Sono state tante le speculazioni sul possibile vincitore del premio Nobel per la pace di quest’anno ma alla fine a vincerlo è stato un personaggio politico, il primo ministro etiope Abiy Ahmed. Il premio gli è stato assegnato per gli sforzi dimostrati  “nel raggiungere la pace e la cooperazione internazionale, e in particolare per le sue iniziative decisive per risolvere i conflitti lungo il confine con l’Eritrea”.

Diventato premier nel 2018. Abiy Ahmed ha fatto numerosi passi verso la pace e l’inclusione sociale nel suo paese. Giovane brillante e dalle idee rivoluzionarie, era stato definito sin da subito come la grande speranza per un futuro democratico e finora non ha deluso le aspettative. Originario di un gruppo etnico marginalizzato, gli Oromo, non appena salito al potere Ahmed si è impegnato per risolvere i conflitti interni dell’Etiopia, paese caratterizzato da una sentita divisione e rivalità tra i vari gruppi etnici. Ha legalizzato l’opposizione che fino a quel momento era considerata alla pari di un gruppo terroristico e ha rilasciato migliaia di prigionieri politici. Ma l’obiettivo forse più importante che ha raggiunto è stato quello di porre fine alla guerra ventennale con la vicina Eritrea. La pace tra i due paesi è stato un avvenimento fondamentale per l’intera Africa, continente segnato da devastanti e longevi conflitti interni. Le foto di Abiy Ahmed che abbraccia il presidente eritreo Isaias Afwerki avevano fatto il giro del mondo.

Fondamentale anche il suo impegno nel favorire l’inclusione e la parità di genere, soprattutto per quanto riguarda il ruolo delle donne nella politica. Ahmed ha infatti affidato alle donne la metà dei ministeri del suo governo tra i quali anche quello della difesa.

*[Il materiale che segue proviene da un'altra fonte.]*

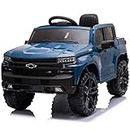Kidzone 12V Battery Powered Licensed Chevrolet Silverado Trail Boss LT Kids Ride On Truck Car Electric Vehicle Jeep with Remote Control, MP3, LED Lights - Blue
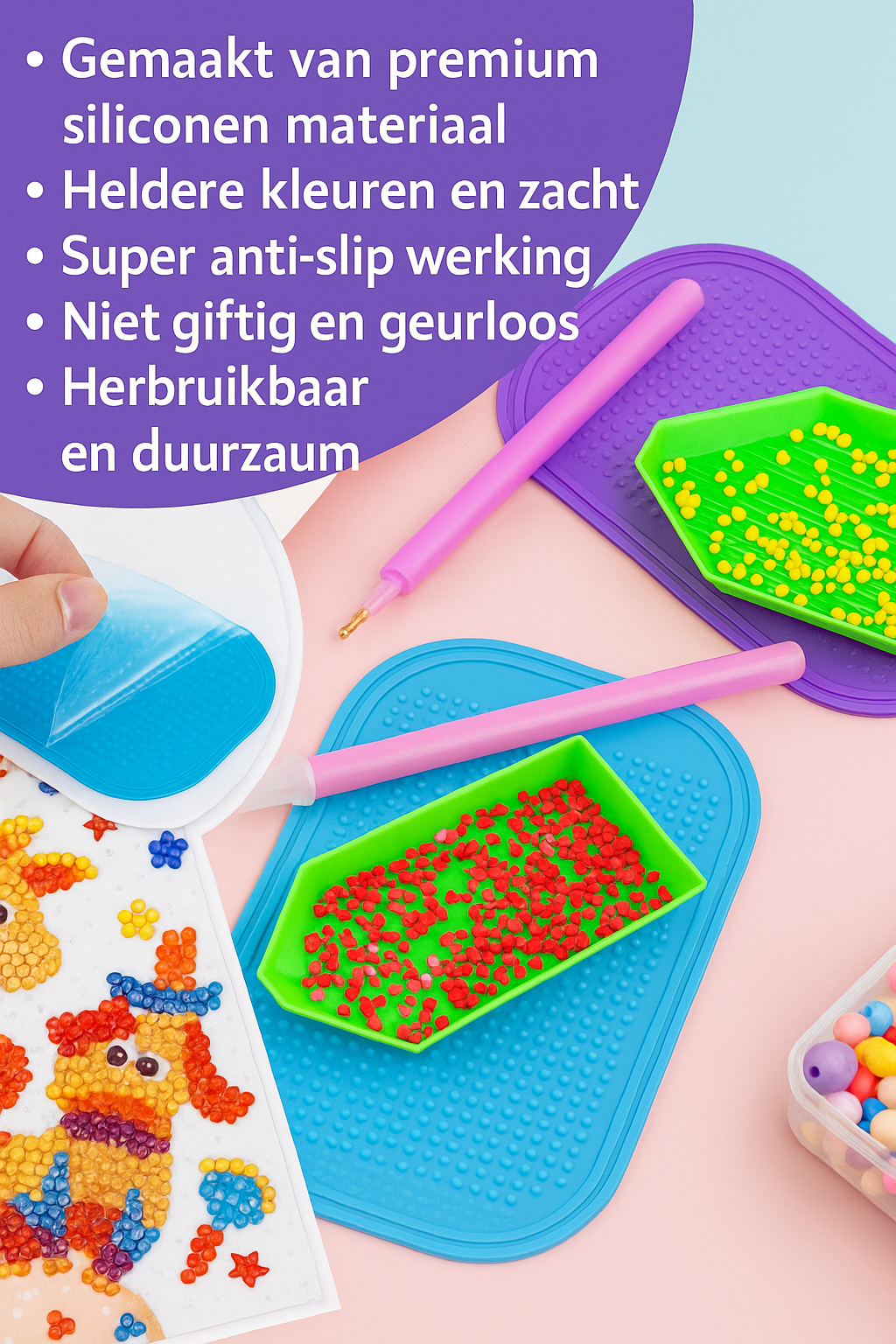 Anti-slip matjes voor diamond painting – 2 stuks – voorkomt verschuiven van canvas en bakjes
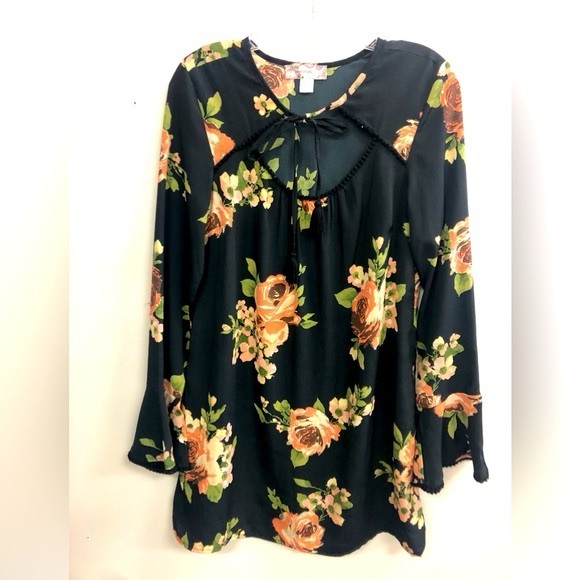 Band of Gypsies Tops - Band of gypsies women tunic blouse in multicoloured flowers size small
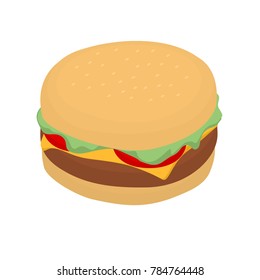Isolated burger vector art with cheese, tomato slices, and lettuce on a sesame seed bun.  Transparent background in vector.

Per la prima volta nella storia è una donna, Aisha Mohammed Mussa, a ricoprire l’incarico.

Ancora prima di ricevere il Nobel Abiy Ahmed risultava tra i favoriti per quel premio, assieme alla premier neozelandese Jacinta Arden, l’attivista brasiliano Raoni Metuktire e l’associazione Reporter senza frontiere che si occupa di preservare e garantire la libertà di stampa.

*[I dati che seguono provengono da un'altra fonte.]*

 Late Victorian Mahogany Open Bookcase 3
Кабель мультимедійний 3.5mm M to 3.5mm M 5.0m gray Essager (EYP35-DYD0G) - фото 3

Tra i probabili vincitori figurava anche l’attivista ambientale 16enne Greta Thunberg per aver dato vita alla protesta Fridays for Future. Il problema con la candidatura di Greta tuttavia ci sono stati fin da subito, a partire dal fatto che è stata presentata troppo tardi, ma non è stato l’unico inghippo. Secondo alcuni osservatori a penalizzare Greta anche la sua giovane età e una retorica che può essere giudicata troppo aggressiva e divisiva.